- Officialization 1: WTF comes next?
- Officialization 2: Accommodations
- Officialization 3: Health Insurance
- Officialization 4: Matriculation
- Officialization 5: Registration
- Officialization 6: Bank account <– You are here
- Officialization 7: Student Visa
Opening a bank account
There are a lot of banks here in Saarbrücken, but I decided to go with Deutsche Bank, because they are a well-established chain with branches across Europe (and even some in the US), including Trento, Italy, where I am going next year. Hopefully I can keep the same bank account there.
To open a bank account, you need proof that you have an address. In my case, she said a lease would be sufficient, however, I made sure to register with the city first. The first thing I needed to do, was make an appointment to open an account. To make an appointment, you need der Ausweis (identification), i.e. a passport.
The process at the bank is pretty painless. They ask you some basic questions and open the account for you, after walking you through how the account works. Well, to be honest I didn’t understand much of how the account works, since it was explained to me in German, but it seems like the basics are pretty much the same as in the US.

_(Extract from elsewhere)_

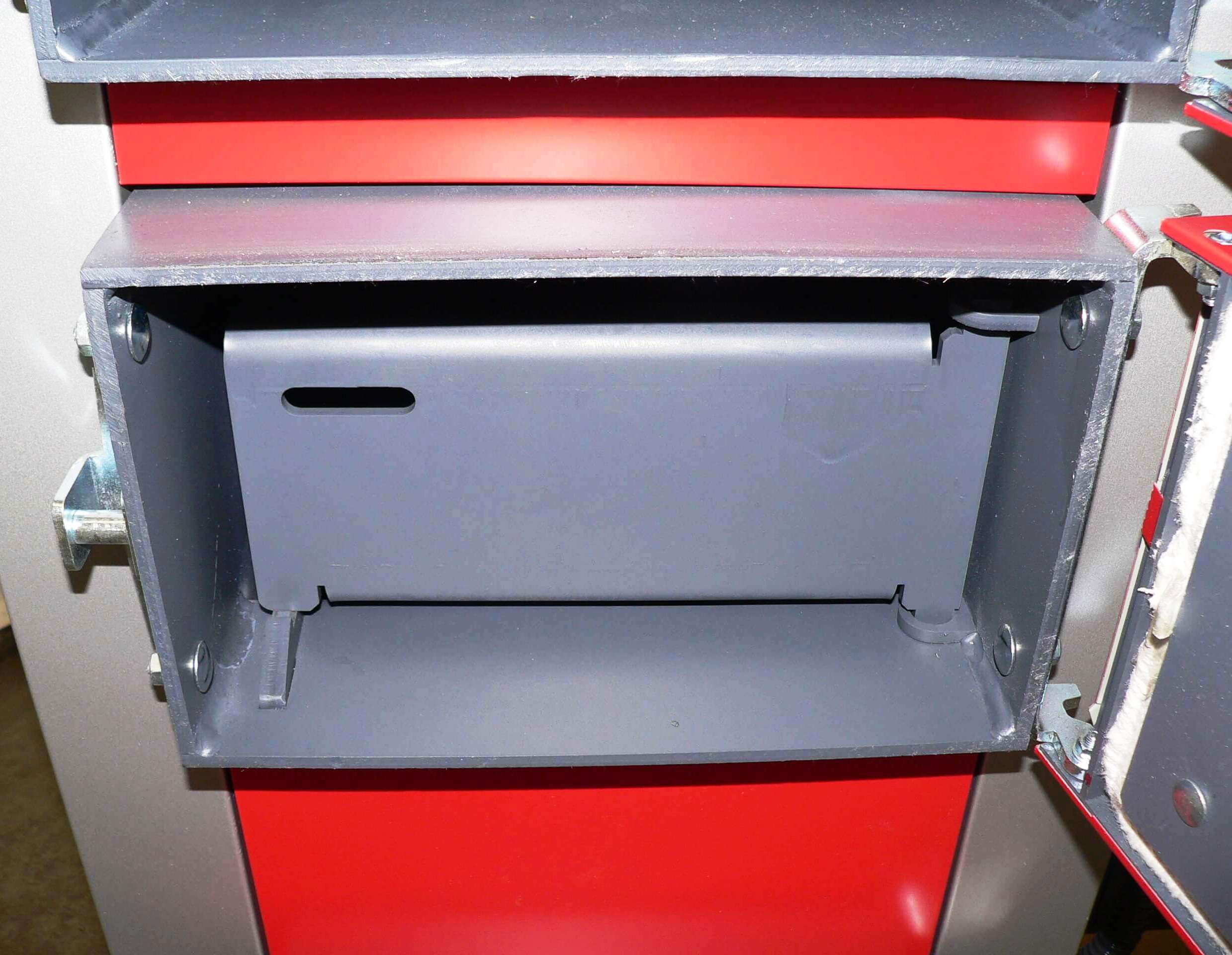 Твердотопливный котел Defro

You can have a free student account until 31 years of age, and you don’t need a starting balance to open this account. After 31 years of age, the account is automatically converted to a non-student one, which costs €5 per month. I’m not 31 yet, so this works for me for now. I don’t know if other banks have better deals or not. I’ll be honest with you, I just don’t have the desire to shop around right now. It’s easier for me to go with a big national chain and just roll with it at this point. If I hear of something better down the road, I can always switch.
- der Ausweis – identification (I used my passport)
- die Meldebescheinigung – confirmation of registration from the Bürgeramt
After you set up your account, they give you a bank account number that you can use immediately to transfer money in and out. The bank card and PIN apparently come later in the mail.
After you have an account, Deutsche Bank sends you a shit ton of stuff in the mail. All of these things are different PINs for different forms of logins. The main ones are (a) the PIN to use on the website, (b) the QR-code style PIN to connect your phone, and (c) the 4-digit PIN to actually use your card with at the ATM machines. By the way, make sure to use ATM machines that your bank is affiliated with, otherwise you will get hit with a large fee.
If you are a US citizen, you will also get sent a W-9. As a US citizen, you get taxed even if you are a resident abroad (on amounts over the foreign income exclusion, which is around $100k in 2016), and I guess this form lets Germany report your income to the US, or something… It should go without saying that you should not use this blog for legal or financial advice.